Tokamak GOLEM - electron energy confinement time calculation
Strategic flowchart
Initialization
First we clear matlab workspace and define fundamental constants and parameters
clc; clear; close all
VacuumShotNo = 22475; % Vacuum shot number
PlasmaShotNo=22471; % Plasma shot number
baseURL='http://golem.fjfi.cvut.cz/utils/data/';
RogowskiCalibration=5.3e6; % Calibration for Rogowski coil [A/V(10us)] 03/2010, CASTOR calibration (Mr. Zacek), 10 us sampling, Mr. Zacek states 5.3e6 A/Vs
UloopCalibration=5.5; % Calibration for U_loop measurement
Mu0=4*pi*1e-7; % [H/m] Permeability
kB=1.3806503e-23; % [J/K] Botlzmann constant
eV=1.60217646e-19; % [J/eV] 1 eV equivalent to J
MajorRadius=0.4; % [m]
LimiterPosition=0.085; % [m] max plasma radius 0.05 for ring with Mach probes
MeanPlasmaRadius=0.060; % [m] mean plasma radius without any stabilization
PlasmaVolume=pi*LimiterPosition^2*2*pi*MajorRadius; % [m^3]
Chamber resistence calculation from vacuum shot
Plot raw data from NIstandard DAS (Data Acquisition System)

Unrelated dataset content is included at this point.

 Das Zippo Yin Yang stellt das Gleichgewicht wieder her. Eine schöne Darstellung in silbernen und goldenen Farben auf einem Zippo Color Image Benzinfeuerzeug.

First let's get the data from the DAS in the columns specified by the given identifiers
Ul = str2num(webread([baseURL num2str(VacuumShotNo) '/uloop']));
Ir = str2num(webread([baseURL num2str(VacuumShotNo) '/irog']));
Let's show raw data
figure(1);
h1 = subplot(2,1,1);
plot(Ul(:,1)*1e3,Ul(:,2))
ylabel('channel #1 [V]'); set(gca,'XTickLabels',[]); ylim([0 2]); xlim([0 40])
legend('ID:uloop')
title(['Vacuum shot: #' num2str(VacuumShotNo) ' - raw data from NIstandard DAS'])
h2 = subplot(2,1,2);
p = get(h1, 'pos'); p(2) = p(2) - p(4)*1.1; set(h2,'pos',p) % proper positon of subplot
plot(Ir(:,1)*1e3,Ir(:,2))
ylabel('channel #3 [V]'); xlabel('Time [ms]'); ylim([-.1 0.3]); xlim([0 40])
legend('ID:irog')
Get real physical quantities from raw data
Physical quantities can be obtained by multiplying the raw data by appropriate calibration constants. In the case of the current, the derivative is measured, so the signal has to be numerically integrated.
from ID:uloop needs only multiplication
U_l = Ul(:,2)*UloopCalibration;
Chamber current needs offset correction, integration and calibration
offset = mean(Ir(Ir(:,1)<=.004,2)); % Up to 4 ms no signal, good zero specification
I_ch = cumtrapz(Ir(:,1),Ir(:,2)-offset);
I_ch = I_ch*RogowskiCalibration;
And let´s plot it
figure(2);
h1 = subplot(2,1,1);
plot(Ul(:,1)*1e3,U_l)
ylabel('U_l [V]'); set(gca,'XTickLabels',[]); ylim([-4 12]); xlim([0 40])
legend('Loop voltage')
title(['Vacuum shot: #' num2str(VacuumShotNo) ' - real data'])
h2 = subplot(2,1,2);
p = get(h1, 'pos'); p(2) = p(2) - p(4)*1.1; set(h2,'pos',p) % proper positon of subplot
plot(Ir(:,1)*1e3,I_ch)
ylabel('I_{ch} [A]'); xlabel('Time [ms]'); ylim([-1e3 1.5e3]); xlim([0 40])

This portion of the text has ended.